Sir Alexander Munro of Bearcrofts was a Scottish soldier and politician of the 17th century.

The Munro of Milntown family descends from John Munro, 1st of Milntown, the second son of Hugh Munro, 9th Baron of Foulis (d. 1425). Three generations after John Munro, 1st of Milntown, is George Munro, 4th of Milntown, who became one of the most prominent ministers in the Reformed Church in the north of Scotland. His third son, also called George, 1st of Pitlunde, followed in his footsteps. This George's second eldest son was Alexander Munro, 1st of Bearcrofts.

Alexander took up the army as his profession and served for some time as a Major in an infantry regiment in Ireland. He was knighted for his distinguished services in the army and was appointed Commissioner of Stirling.
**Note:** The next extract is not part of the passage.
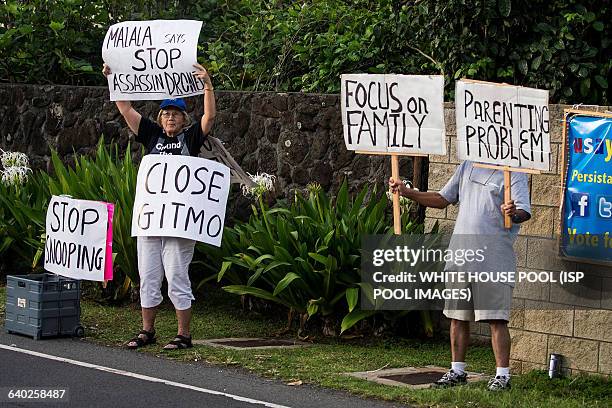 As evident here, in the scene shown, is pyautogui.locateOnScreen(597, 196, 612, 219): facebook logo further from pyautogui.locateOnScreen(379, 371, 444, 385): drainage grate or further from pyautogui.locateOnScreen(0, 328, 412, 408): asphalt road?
pyautogui.locateOnScreen(0, 328, 412, 408): asphalt road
Alexander fought for King Charles II at the Battle of Worcester (3 September 1651). He survived the battle and was not captured, afterward he took to the study of the law.

In 1657 he bought a small Stirlingshire property called Bearcrofts, which lies on the flat southern shore of the Firth of Forth near Grangemouth. In 1660 he was appointed Commissary of Stirlingshire, that is to say, judge of the local court, representing the old ecclesiastical court, with jurisdiction in questions of marriage, divorce, affiliation and testaments. Two years later he passed advocate of the Scottish bar, and in 1669 he was nominated one of the six clerks in the Court of Session, the supreme court in Scotland. In June 1676, when the staff of clerks was reduced to three, he lost his place, and attributing this result to the machinations of the Duke of Lauderdale he joined the malcontent Presbyterian party.

In the spring of 1683 he and several sympathizers went to London, ostensibly to arrange for a Scots colony to the Carolinas, but really to help the Earl of Shaftesbury in a great Whig plot to overthrow the King and Government and to exclude the Catholic Duke of York from succession to the throne.

An inner circle of conspirators, including nine of the Scotsmen except Robert Ferguson, had a scheme to waylay and murder the King and the Duke of York at the Rye House while on their way from Newmarket to London. In June 1683 the Government discovered both plots, and Commissary Munro, among many others, was arrested. After a Preliminary examination by the Privy Council he and a dozen other Scotsmen were sent to Edinburgh for trial and ware imprisoned in the Tolbooth in solitary confinement for ten months. The authorities raised prosecutions against twenty- three conspirators, all but three being fugitives, and in order to get evidence they decided to apply torture to some of the prisoners. Munro was threatened with the "boots," and gave evidence which was used at several of the trials. His weakness "did so discompose and confound him, to discover others, that he desperately offered money to the keeper of the Tolbuith's man to run him throw (sic) with his sword."